EXERCISE: Leave out every picture, and return exactly the lines from the line containing "Santa-Barbara-Beach-Guest-House-Studio-Bedroom-Nightstands" through the end of the records below, both inclusive.

Stored items

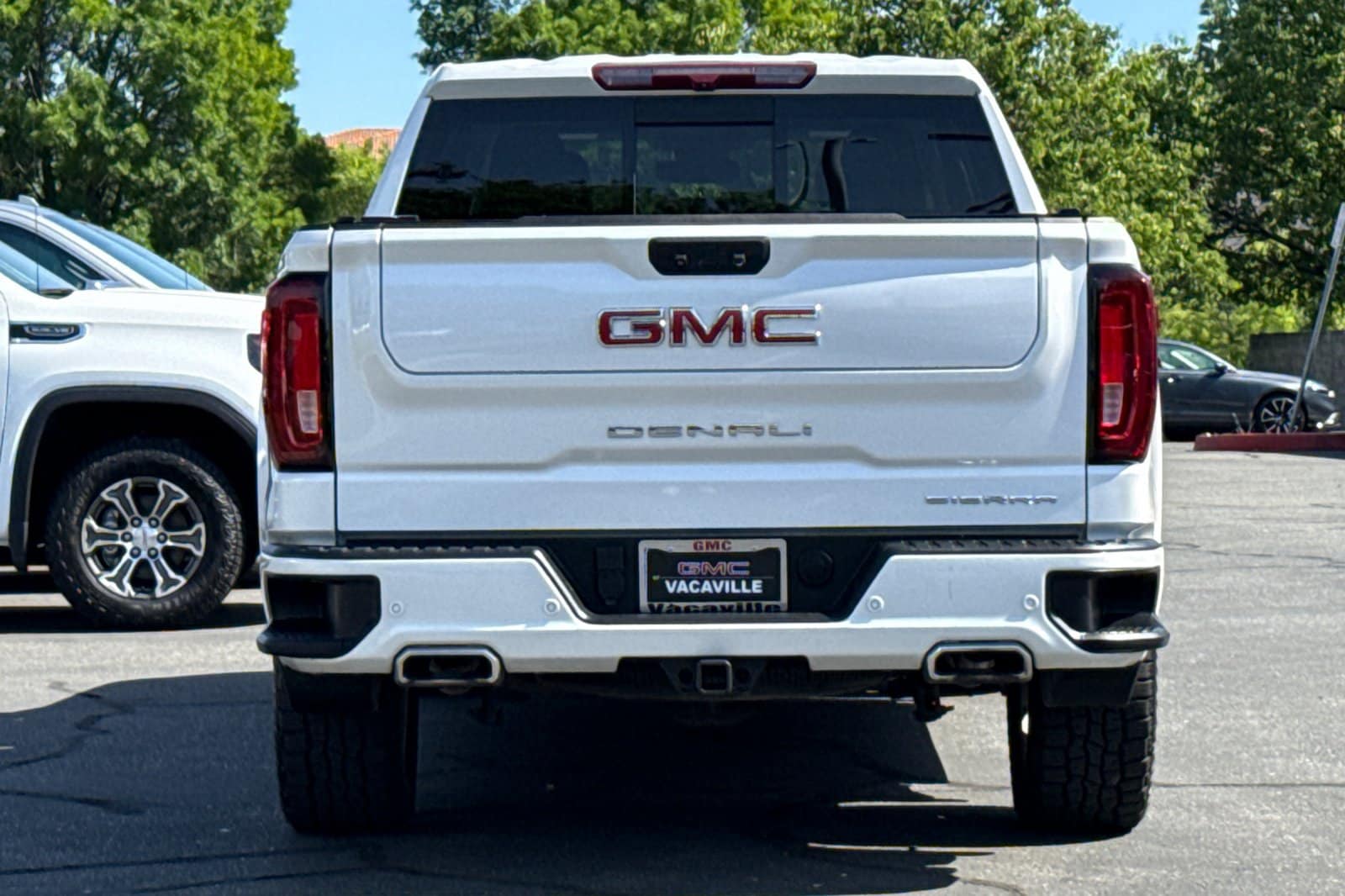 2023 GMC Sierra 1500 Denali photo 5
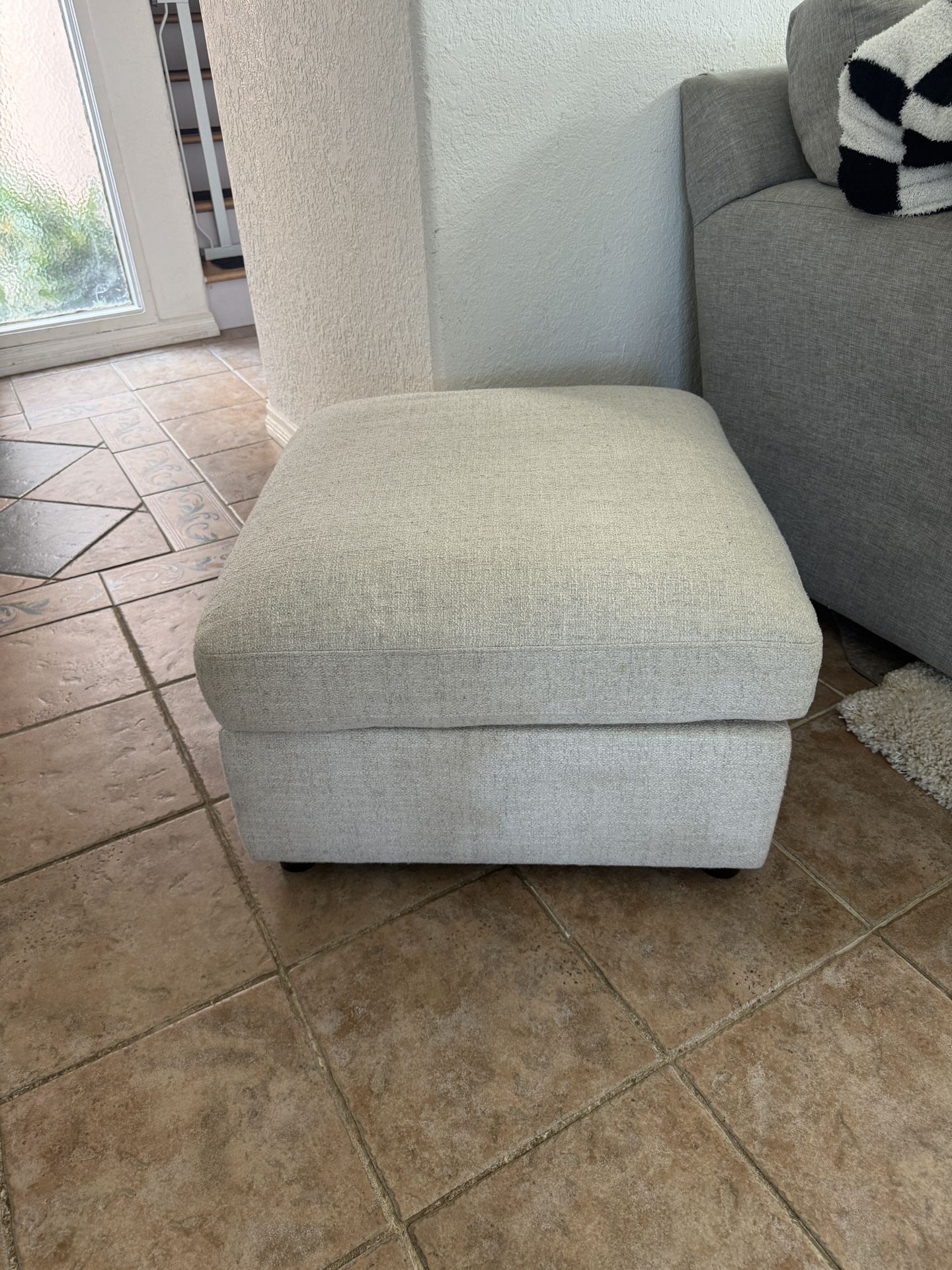 Storage ottoman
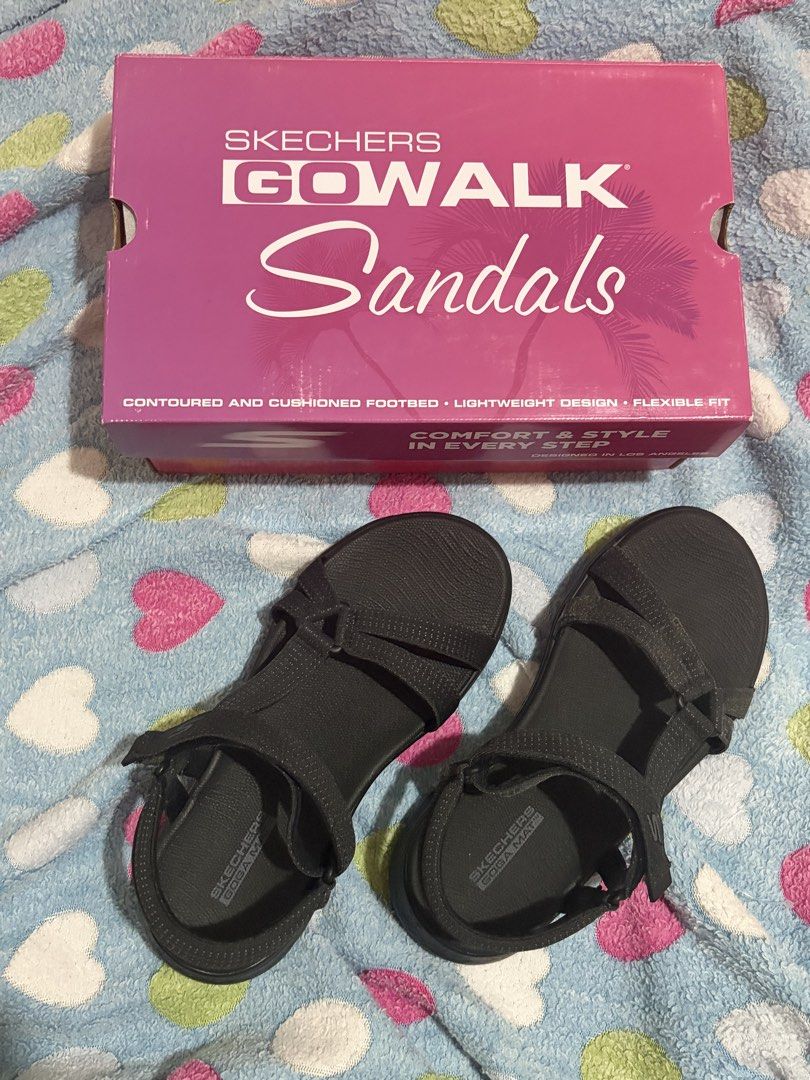 Skechers Hiking Sandals (Category: Flats & Sandals) located in General Trias. Submitted by knsainz (Listing ID 1459310300, Image 1). Description: BRAND NEW / UNUSED Skechers Sandals good for walking & hiking! Original price around 3k I bought this in the Mall, hindi lang talaga nagamit kasi nag hiking shoes nalang. Selling for only 1K LAST PRICE super baba na mabenta lang pls :( US Size 6 pero Size 7 talaga ako, kasya naman..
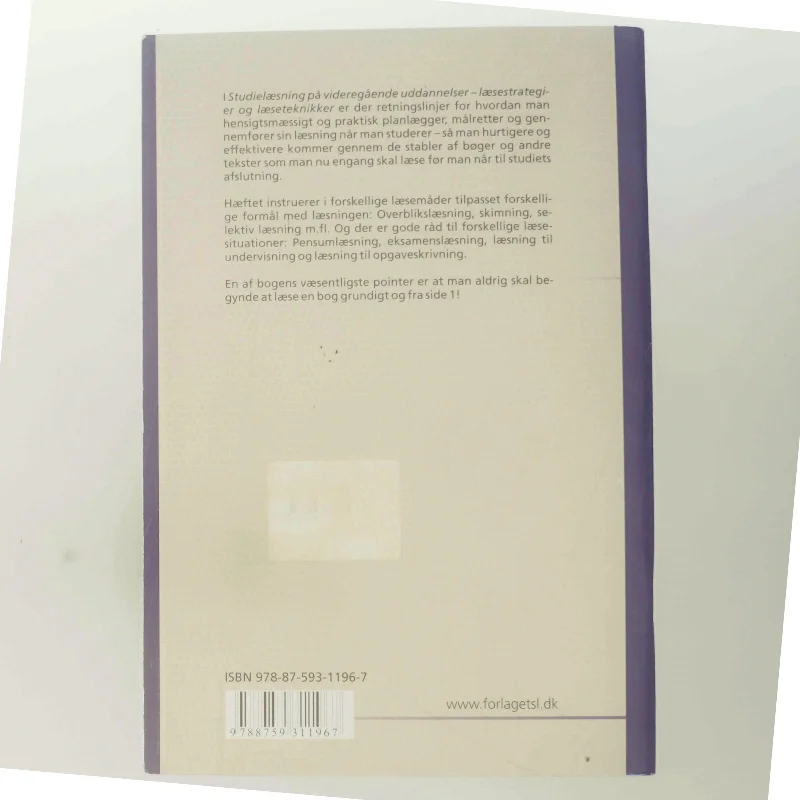 Studielæsning på videregående uddannelser : læsestrategier og læseteknikker (Bog)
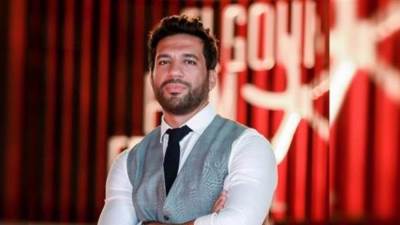 "استعدوا لرحله من الرومانسية".. حسن الرداد يشوق الجمهور لفيلمه تحت تهديد السلاح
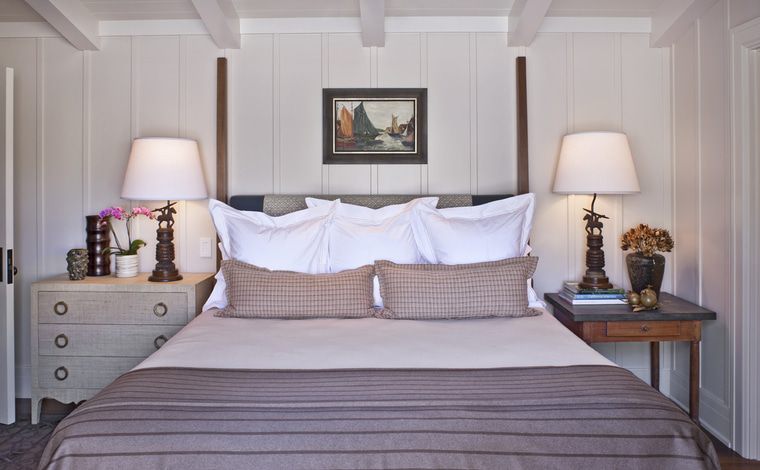 Santa-Barbara-Beach-Guest-House-Studio-Bedroom-Nightstands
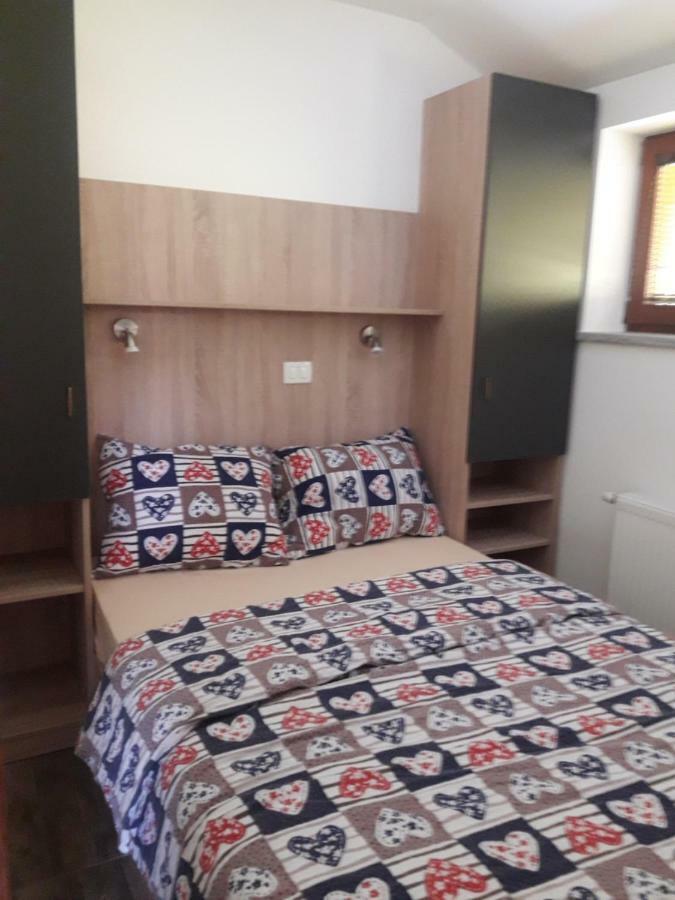 קמניק Simnovi Apartmaji - Surrounded By Nature מראה חיצוני תמונה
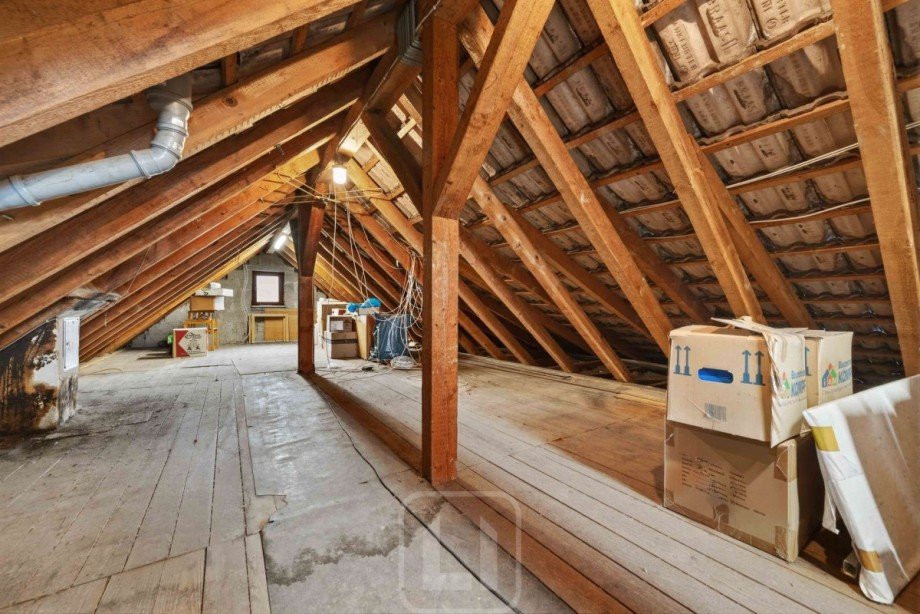 Spitzboden Zweifamilienhaus Ebhausen
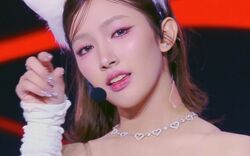 キツネ耳＆大胆衣装で登場！寝そべりながら顎クイも…練習生たちの獣のようなパワフルセクシーダンスに観客熱狂「100%を超えてもう最高！」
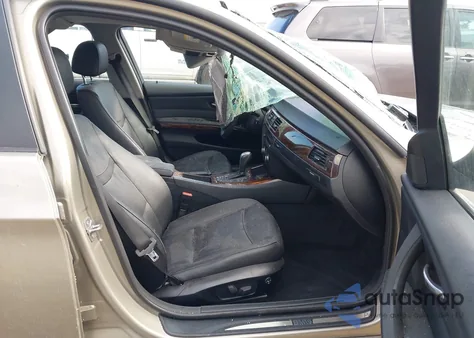 2011 BMW 328 xDrive z USA, uszkodzony, nr VIN WBAPK5C52BA993668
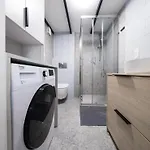 Center, Modern, Quiet Place By Homeclick *
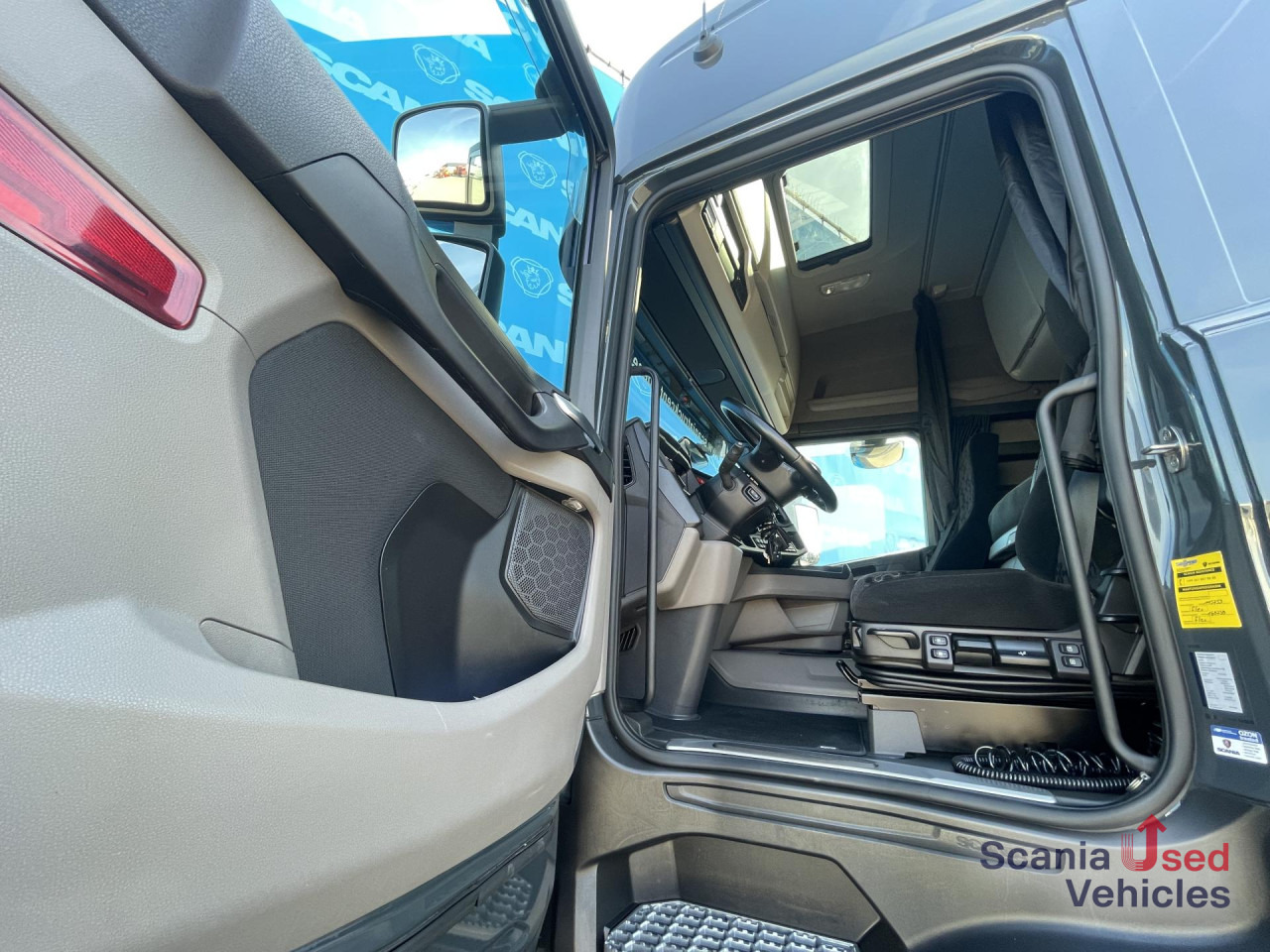 SCANIA R 460 A4x2EB RETARDER MEGA VOLUME P-AIRCO SUPER - Влекач: снимка 2 SCANIA R 460 A4x2EB RETARDER MEGA VOLUME P-AIRCO SUPER - Влекач: снимка 2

ANSWER SPACE:
 Santa-Barbara-Beach-Guest-House-Studio-Bedroom-Nightstands
 קמניק Simnovi Apartmaji - Surrounded By Nature מראה חיצוני תמונה
 Spitzboden Zweifamilienhaus Ebhausen
 キツネ耳＆大胆衣装で登場！寝そべりながら顎クイも…練習生たちの獣のようなパワフルセクシーダンスに観客熱狂「100%を超えてもう最高！」
 2011 BMW 328 xDrive z USA, uszkodzony, nr VIN WBAPK5C52BA993668
 Center, Modern, Quiet Place By Homeclick *
 SCANIA R 460 A4x2EB RETARDER MEGA VOLUME P-AIRCO SUPER - Влекач: снимка 2 SCANIA R 460 A4x2EB RETARDER MEGA VOLUME P-AIRCO SUPER - Влекач: снимка 2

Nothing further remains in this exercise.